__DATASET EXCERPTS__
================================

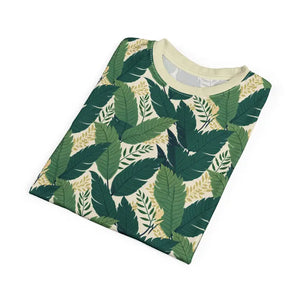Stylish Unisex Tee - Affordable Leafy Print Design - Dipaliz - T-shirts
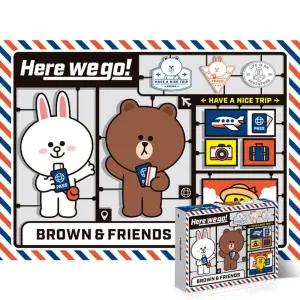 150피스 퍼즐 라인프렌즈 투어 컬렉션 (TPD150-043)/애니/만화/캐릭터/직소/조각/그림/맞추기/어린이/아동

================================

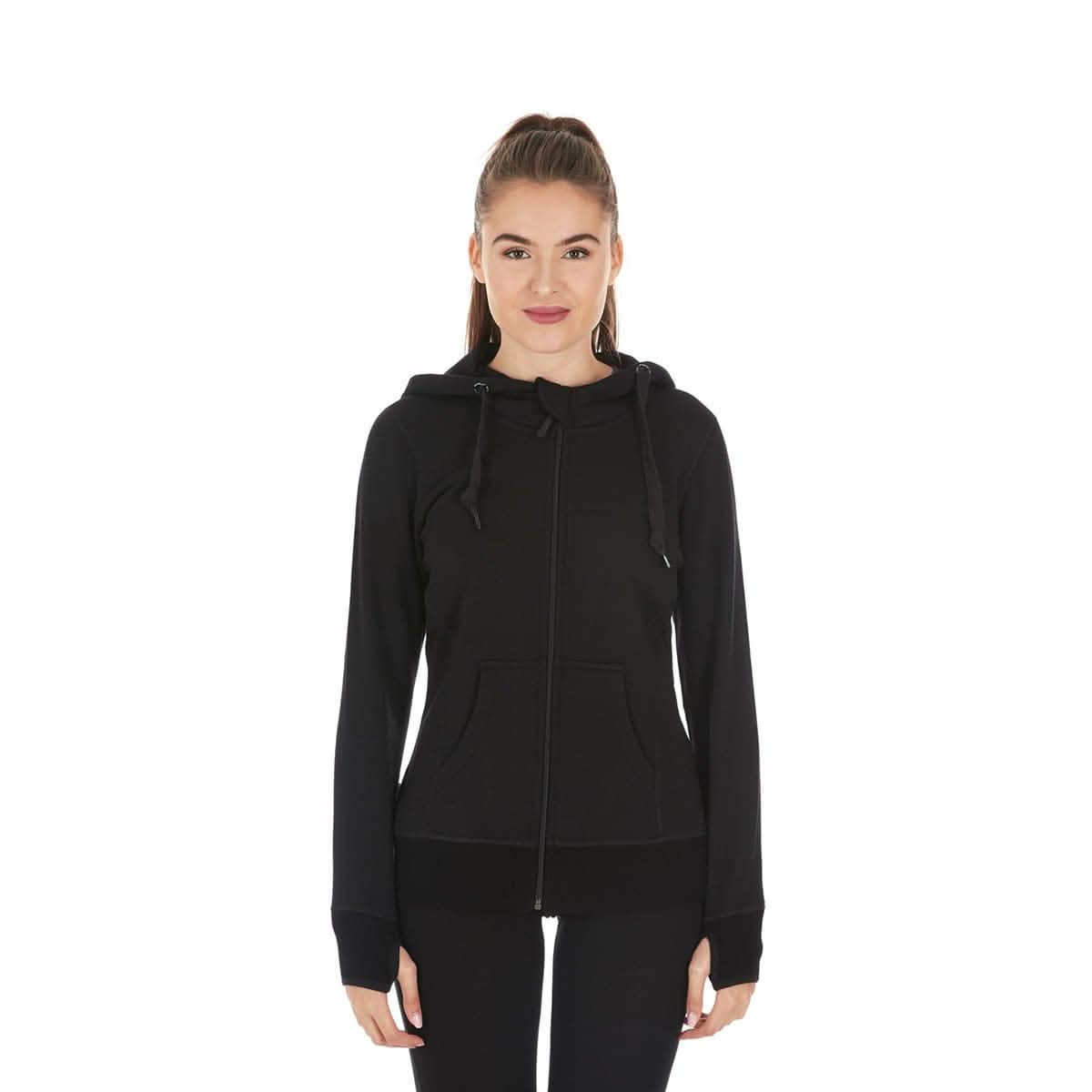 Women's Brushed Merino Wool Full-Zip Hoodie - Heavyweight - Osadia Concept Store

================================

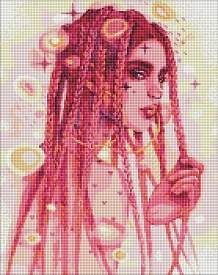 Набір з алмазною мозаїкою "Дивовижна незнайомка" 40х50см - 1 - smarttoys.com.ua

================================

__PROMPT__
From the records above, give again only the part that opens with the line containing "Stylish Unisex Tee" and closes with the line containing "150피스 퍼즐 라인프렌즈". Keep both ends but drop the pictures.

__FINISHED TASK__
Stylish Unisex Tee - Affordable Leafy Print Design - Dipaliz - T-shirts
 150피스 퍼즐 라인프렌즈 투어 컬렉션 (TPD150-043)/애니/만화/캐릭터/직소/조각/그림/맞추기/어린이/아동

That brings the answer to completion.